July 22, 2011 Leave a comment

Urban revival. The term is thrown around about as frequently, and with as much weight, as the term “fusion” is in the culinary world. Both phrases seek to say something very simple in a fanciful way. Essentially, urban revival refers to the recent movement to re-make our cities more pedestrian friendly, aesthetically pleasing, and environmentally sound.
A couple of news articles in the July print edition of Long Beach Post provide an interesting perspective on how this concept is applied in Long Beach.

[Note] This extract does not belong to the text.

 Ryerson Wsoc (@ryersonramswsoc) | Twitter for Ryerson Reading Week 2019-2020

In her article “The 10 Worst Decisions in Long Beach History”, writer Allison Jean Eaton provides a voice rarely heard in Los Angeles County- one that looks to the mistakes of the past to learn how the future can be made that much better. She is willing to look lovingly at her city and admit that we’ve messed a few things up.

I was surprised to see problems caused by The Queen Mary on her list. When I moved here, I thought of it like I do the Gateway Arch in St. Louis. The Arch is a historical monument to Westward expansion and the exploits of Lewis, Clark and Sacajawea. For many, the view of the Queen Mary evokes the same sense of history and desire that the Arch does. Maybe The City of Long Beach just needs to rethink the use of space, much like St. Louis is doing with the Gateway Arch.

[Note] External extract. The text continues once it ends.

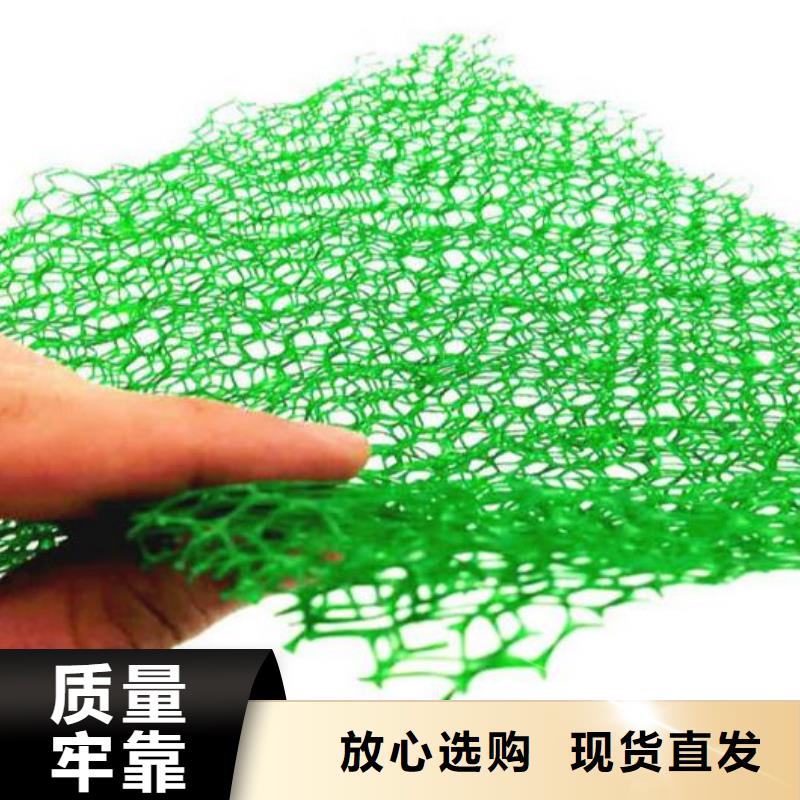 三维植被网防护虹吸排水收集系统畅销当地当地生产商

Also appearing in the July edition is an article called “The Future of the Long Beach Civic Center” by Brian Ulaszewski. In it, he highlights the problems with the current center, and the possibility of a new use of space to bring about the activity it was meant to bring to downtown.

I recommend picking up a copy of the paper or visiting them online. Resources like the Long Beach Post are invaluable.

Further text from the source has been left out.